▶ **Goal of the exercise**
The answer must be only the lines below from the one holding "Esthetisch Zwart man" down to the one holding "Alexis Russell Engagement", ends included, printed exactly; please omit all pictures.

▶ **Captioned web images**
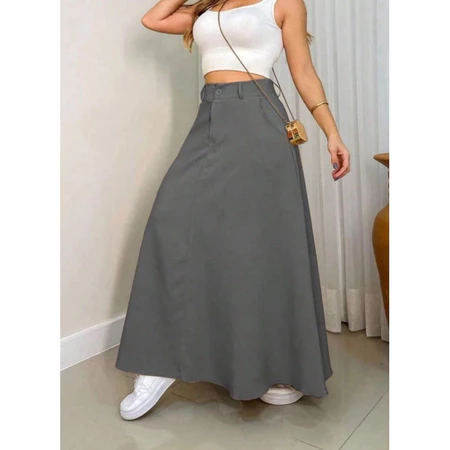 Saia Longa Feminina Alfaiataria Moda Evangélica Casual Básica Inverno Cintura Alta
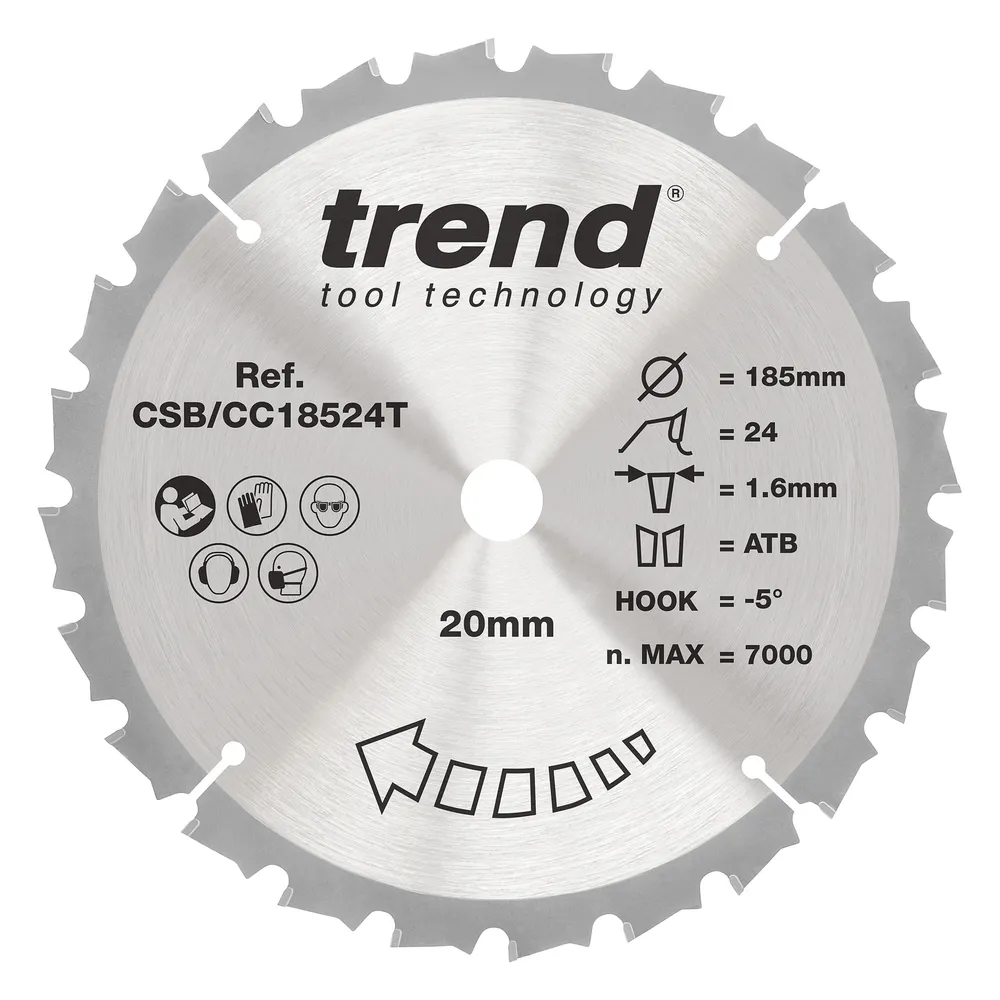 Trend Trä- Batteri- Kap & Gersåg- Sågklinga 185mm x 20mm x 24T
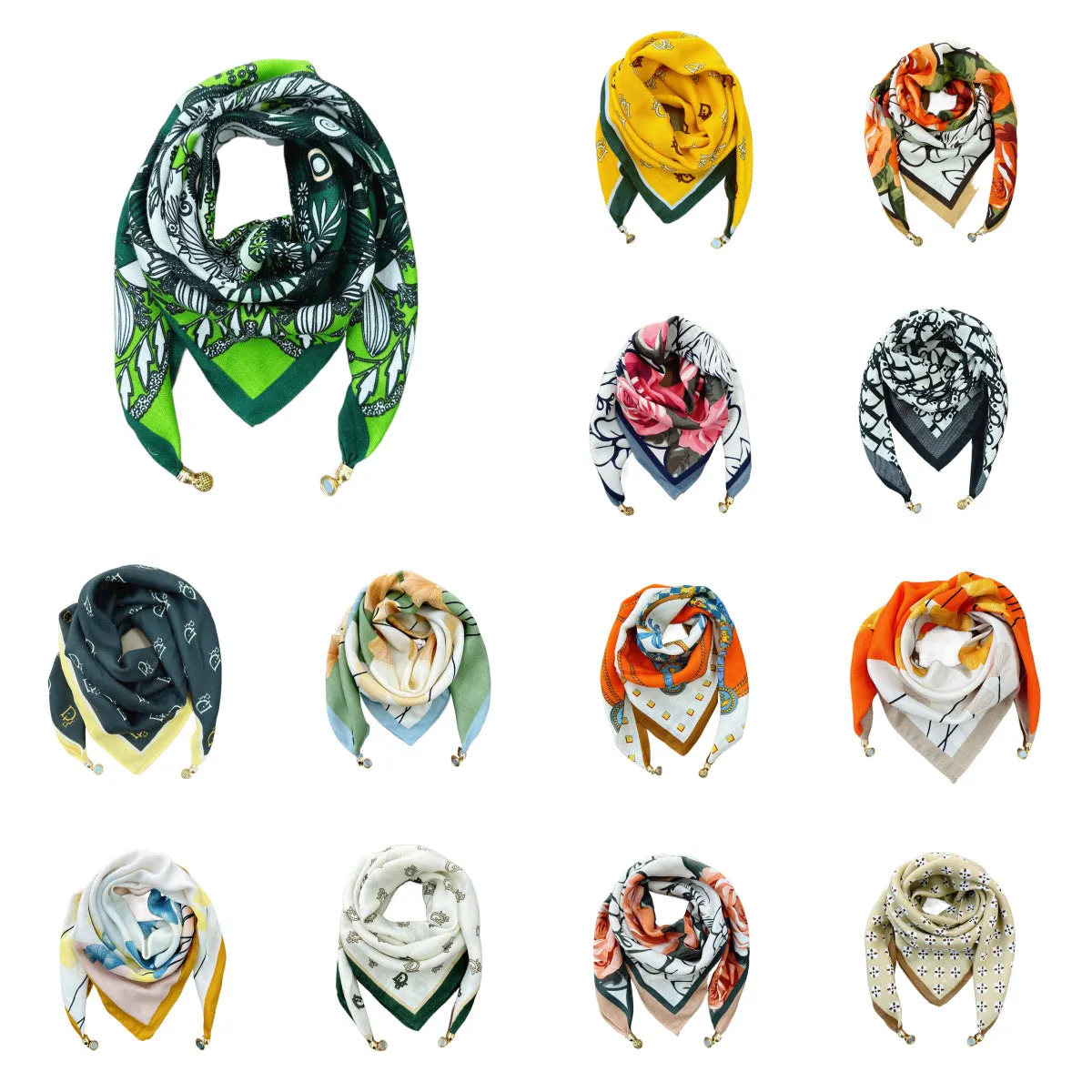 Vintage Print Magnetic Buckle Triangle Scarf – Elegant Lightweight Neck Scarf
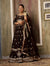 Emerald green block printed with hand embroidered lehenga set in silk
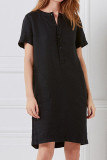 Fashion Casual Solid Split Joint O Neck A Line Dresses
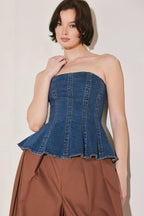 POWER PLAY DENIM TOP Flying Tomato
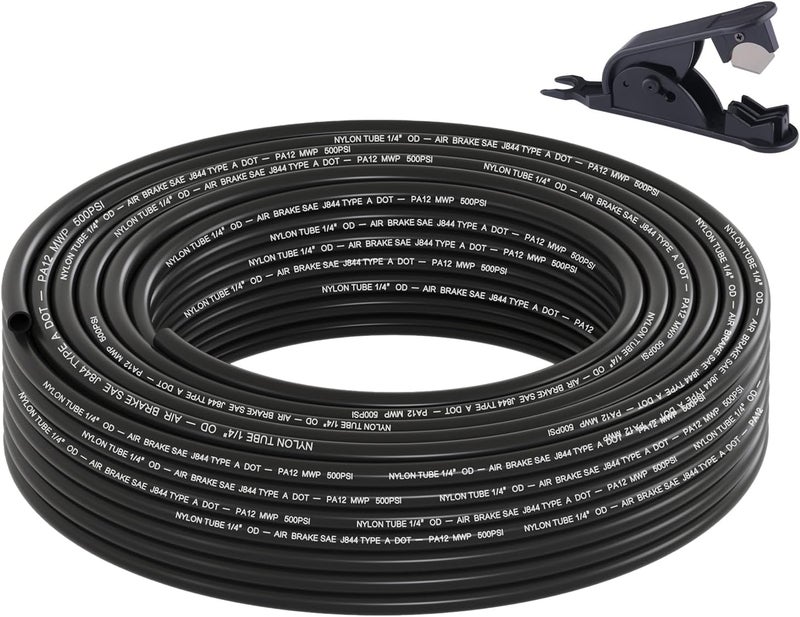 boeray خرطوم هواء نايلون PA12 SAE J844 DOT 1/4 بوصة بطول 50 قدم مع قاطع، أنبوب هواء هوائي بقطر خارجي 1/4 بوصة، معتمد من DOT، خرطوم فرامل هواء 1/4 بوصة لنظام تعليق هوائي للشاحنات والمقطورات ونظام الفرامل ونقل السوائل، 15.5 مترًا - Image 1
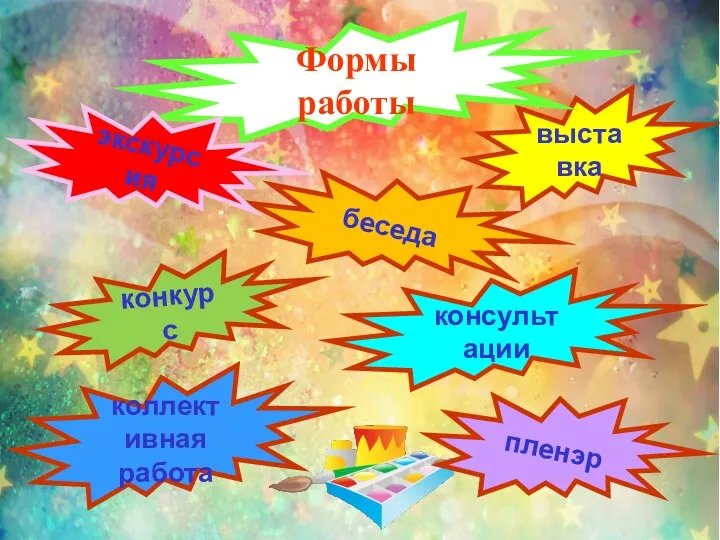 выставка беседа консультации коллективная работа Формы работы экскурсия конкурс пленэр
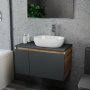 Комплект для ванной, 3 предмета (Тумба подвесная Bau Blackwood 80 графит + Раковина BAU 48х34, Смеситель высокий Hotel Still, нерж. сталь)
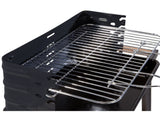 Kolgrill med justerbart grillgaller 5 nivåer hyllor och hjul 84x78x42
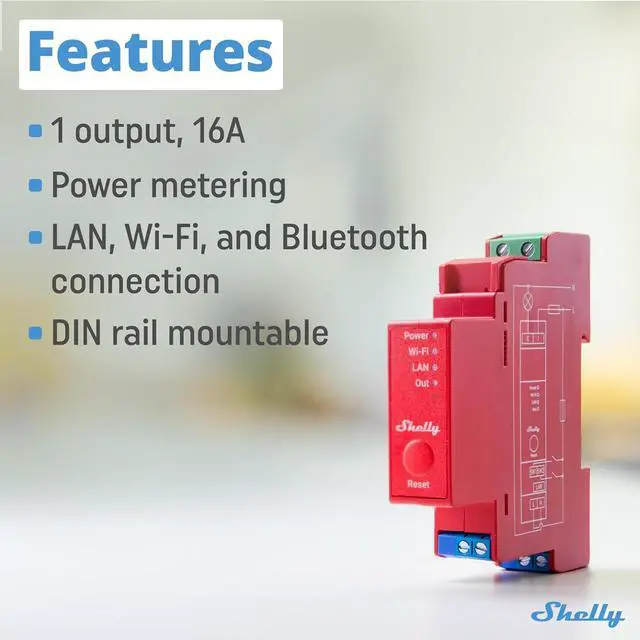 Alt view image 2 of 7 - Shelly Pro 1PM | Wi-Fi & LAN, 1-Channel Smart Relay Switch with Power Metering | Home & Facility Automation | Compatible with Alexa & Google | iOS Android App | Remote Appliances Control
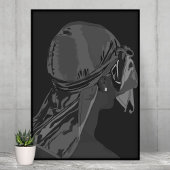 Esthetisch Zwart man met durag zwart en wit kunst Poster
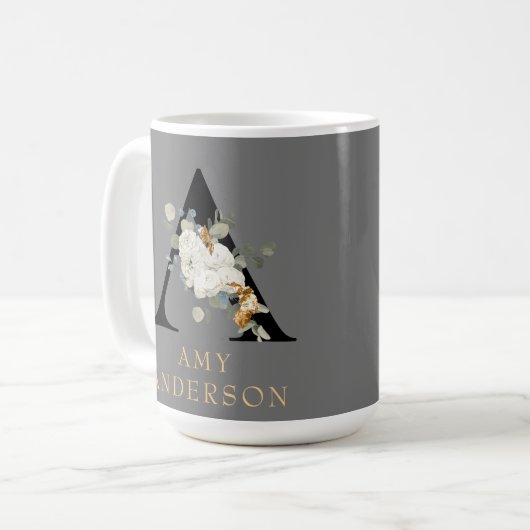 Decoratief wit Floral Gold Accesents Monogram A Koffiemok (Voorkant links)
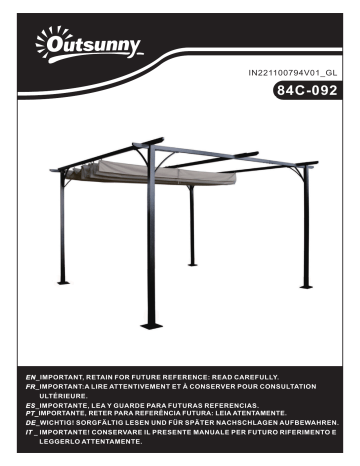 84C-092GY | Outsunny 84C-092 11.5' Retractable Canopy Cover Steel Frame Outdoor Patio Classic Pergola Gazebo Mode d'emploi | Fixfr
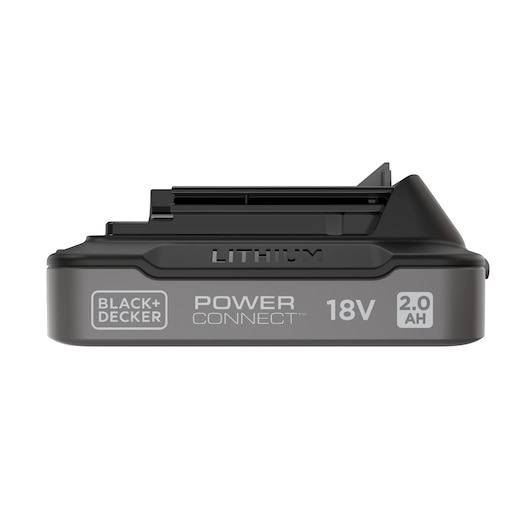 BLACK+DECKER BDL2018S lithium 18V 2.0Ah POWER CONNECT battery, side angle on white background.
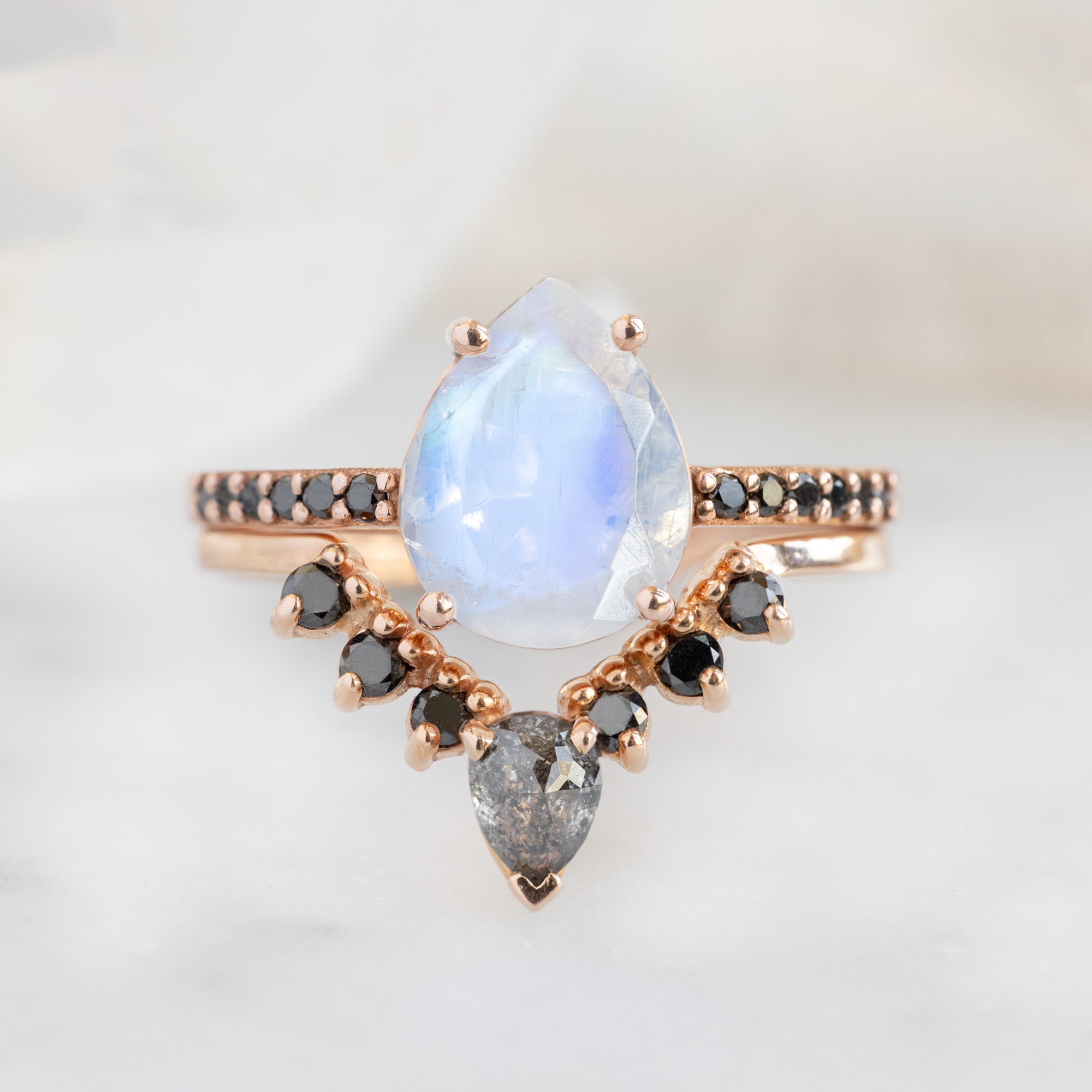 Alexis Russell Engagement Rings The Willow Ring | 1.53ct Pear Moonstone in 14K Rose Gold
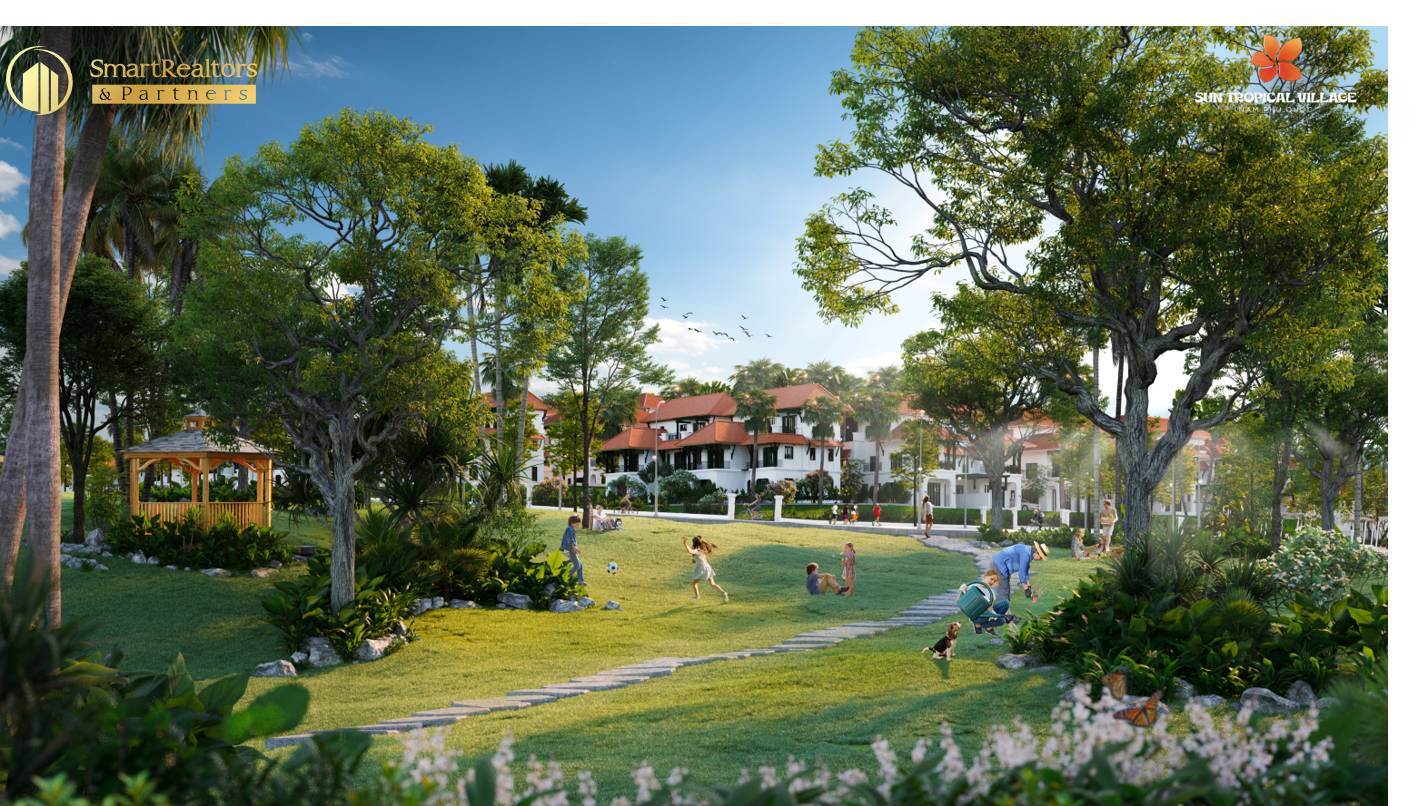 Sắc xanh thoáng mát của dự án biệt thự phong cách nhiệt đới Sun Tropical Village Phú Quốc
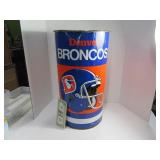 Vtg BRONCOS "Old Logo" Metal Trash Can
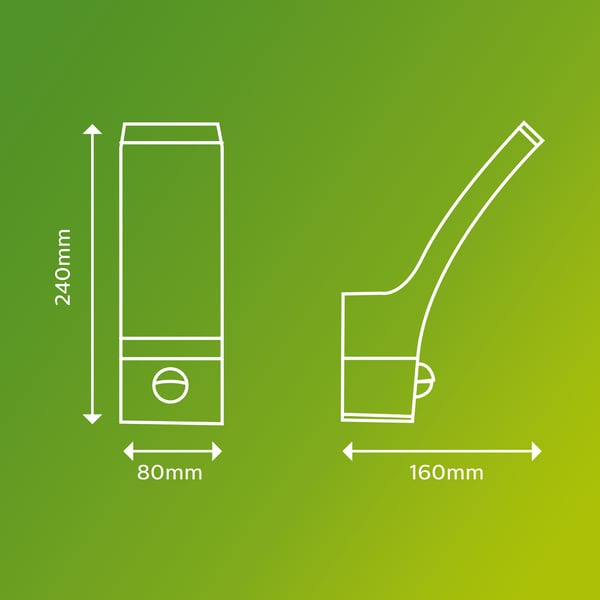 Philips Splay -vägglampa, antracit, 4000K, IR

▶ **Response area**
 Esthetisch Zwart man met durag zwart en wit kunst Poster
 Decoratief wit Floral Gold Accesents Monogram A Koffiemok (Voorkant links)
 84C-092GY | Outsunny 84C-092 11.5' Retractable Canopy Cover Steel Frame Outdoor Patio Classic Pergola Gazebo Mode d'emploi | Fixfr
 BLACK+DECKER BDL2018S lithium 18V 2.0Ah POWER CONNECT battery, side angle on white background.
 Alexis Russell Engagement Rings The Willow Ring | 1.53ct Pear Moonstone in 14K Rose Gold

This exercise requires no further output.